"after the party"
Format: CD, LP
Time: 42 min.
Style: Pop Punk
It's been a damn good ride aging with The Menzingers from my 20's into my 30's. This album, seasoned, weathered and so full of experience, couldn't have come at a better time because it addresses exactly that transition. Over the course of the years, they've gone from the feisty, aggressive days of records like Chamberlain Waits and Hold On Dodge to more tempered, mature and melodic dad-rock/dad-punk because as life wears on you, you need to take it down several notches. Their music's gone from shots of whiskey to now, a long, slow gulp that reflects on the past. After The Party does look back at the party of being young, and addresses the after-party known as growing old and reflecting on those years, fondly, with no regrets and of course, with wonder.

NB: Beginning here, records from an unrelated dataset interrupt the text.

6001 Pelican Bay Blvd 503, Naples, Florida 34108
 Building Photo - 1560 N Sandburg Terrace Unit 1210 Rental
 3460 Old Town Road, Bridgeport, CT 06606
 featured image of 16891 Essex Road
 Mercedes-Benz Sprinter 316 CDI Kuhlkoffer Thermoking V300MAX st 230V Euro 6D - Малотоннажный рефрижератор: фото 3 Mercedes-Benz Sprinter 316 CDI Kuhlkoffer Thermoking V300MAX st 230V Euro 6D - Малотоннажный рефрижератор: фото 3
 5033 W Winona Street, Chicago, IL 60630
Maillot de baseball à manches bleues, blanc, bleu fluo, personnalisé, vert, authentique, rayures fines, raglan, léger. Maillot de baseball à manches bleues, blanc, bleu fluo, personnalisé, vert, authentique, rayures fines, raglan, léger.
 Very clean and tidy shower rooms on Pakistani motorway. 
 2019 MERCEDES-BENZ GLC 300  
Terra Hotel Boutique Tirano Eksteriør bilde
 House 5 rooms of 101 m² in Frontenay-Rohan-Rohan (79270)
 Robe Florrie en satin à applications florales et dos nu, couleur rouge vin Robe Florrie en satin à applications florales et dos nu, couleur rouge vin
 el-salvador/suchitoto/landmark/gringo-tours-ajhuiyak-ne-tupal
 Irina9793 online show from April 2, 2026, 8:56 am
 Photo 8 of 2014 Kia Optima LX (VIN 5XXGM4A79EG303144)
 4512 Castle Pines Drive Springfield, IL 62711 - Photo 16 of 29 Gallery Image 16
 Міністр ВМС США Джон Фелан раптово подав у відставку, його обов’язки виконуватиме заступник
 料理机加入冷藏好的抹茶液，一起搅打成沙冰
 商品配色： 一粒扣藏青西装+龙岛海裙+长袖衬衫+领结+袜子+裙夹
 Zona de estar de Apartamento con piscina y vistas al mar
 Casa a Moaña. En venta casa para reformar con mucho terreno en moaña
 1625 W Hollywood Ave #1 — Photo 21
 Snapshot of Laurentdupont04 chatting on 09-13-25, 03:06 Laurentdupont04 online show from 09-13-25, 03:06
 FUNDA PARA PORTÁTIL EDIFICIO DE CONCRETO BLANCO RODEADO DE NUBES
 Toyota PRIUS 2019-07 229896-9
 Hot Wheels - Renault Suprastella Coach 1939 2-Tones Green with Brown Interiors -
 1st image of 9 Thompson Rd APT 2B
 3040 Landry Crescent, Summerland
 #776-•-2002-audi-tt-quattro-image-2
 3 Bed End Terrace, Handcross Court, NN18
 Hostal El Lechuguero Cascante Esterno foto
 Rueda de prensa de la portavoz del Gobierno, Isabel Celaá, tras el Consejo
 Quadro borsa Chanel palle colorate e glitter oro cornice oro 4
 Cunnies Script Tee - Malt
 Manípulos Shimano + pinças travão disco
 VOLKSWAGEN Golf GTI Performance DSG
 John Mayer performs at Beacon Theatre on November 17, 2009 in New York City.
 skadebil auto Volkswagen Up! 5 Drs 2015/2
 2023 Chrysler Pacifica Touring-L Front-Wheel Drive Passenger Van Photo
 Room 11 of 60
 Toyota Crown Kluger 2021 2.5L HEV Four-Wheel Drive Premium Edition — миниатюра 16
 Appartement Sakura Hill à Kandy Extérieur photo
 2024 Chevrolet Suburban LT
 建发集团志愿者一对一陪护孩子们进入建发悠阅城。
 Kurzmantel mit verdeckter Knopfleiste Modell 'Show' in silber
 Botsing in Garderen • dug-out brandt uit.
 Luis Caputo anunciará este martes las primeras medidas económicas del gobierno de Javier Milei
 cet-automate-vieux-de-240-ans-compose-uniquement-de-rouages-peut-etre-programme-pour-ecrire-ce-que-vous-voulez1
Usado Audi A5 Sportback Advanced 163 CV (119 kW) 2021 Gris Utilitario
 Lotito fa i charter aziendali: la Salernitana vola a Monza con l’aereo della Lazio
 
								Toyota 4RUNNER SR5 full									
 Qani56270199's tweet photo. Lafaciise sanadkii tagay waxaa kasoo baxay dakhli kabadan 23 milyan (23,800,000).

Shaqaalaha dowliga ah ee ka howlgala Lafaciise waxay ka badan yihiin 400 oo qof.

'Where are we gonna go now that our 20's are over?' drives the opening track, "Tellin' Lies," warning you not to fool yourself when the time comes to put to bed the fire of youth. It's one of so many songs here that are catchy, anthemic, singalong bangers fit for fans who wanted more punk from The Gaslight Anthem. Tom May and Greg Barnett are on point as usual, singing about how to embrace the seasons changing. Most of those songs shouldn't come as any surprise because you've seen how they weaned off The Menzingers of old on songs like "Ava House", "Transient Love" and "Nothing Feels Good Anymore" over the years. Rented World and On The Impossible Past felt like clinging to the past whereas After The Party is fully letting go of it and embarking on new chapters. The title track, "Lookers", "Your Wild Years" and "Bars" are all mid-tempo jams with high rises, swelling choruses and shoutalong sections that reiterate older can mean better.
"Thick As Thieves" is another gem for fans of Rolling Stones, Springsteen and AC/DC with its buzzy guitars kicking in later on to throw back to their earlier days. In fact, it's a great representation of how diverse the band's gotten as "House on Fire" unfolds with a hazy set of guitars that quickly become enveloped by a post-rock glaze of shimmer. Same for "Livin' Ain't Easy" which has a subtle ambiance of Kite Party. This arguably stands as their most musically free and explored record to date with "Black Mass" punching you in the gut as a slow-dancer for broken hearts, ironically tailoring a bit to Greg's brother, Bob, when he ripped hearts out on Captain We're Sinking's "A Bitter Divorce."
They've never felt as personal to me and I guess it's because they caught me at the age when this stings the most. "Boy Blue" amps it up a bit, filled with Will Yip's production signature, a-la the post-hardcore Title Fight we've all grown to love and wonder what the fuck happened, or to be a less harsh, like new-era Basement. All in all, you get the full scope of the band throughout this album's progression - where they were, are now and will be. After The Party is an epiphany for the lost who are scared of growing old but as this record remonstrates, fuck it, these older years will be a hell of a ride, once you make it such. They'll be weird but fun and you can keep breaking rules. The big hooks, crunchy guitars and foot-stomping jams will surely have fans erupting at live shows for these songs, because the album's such a rich, full novel, musically and lyrically which we all can, or will end up, relating to. Life does pass us quickly by so let's stop once in a while and take it in. And when we feel like we're way ahead of it, dial it back like this album says, and soak in the glory days of old (*Review writen by Renaldo 69 ).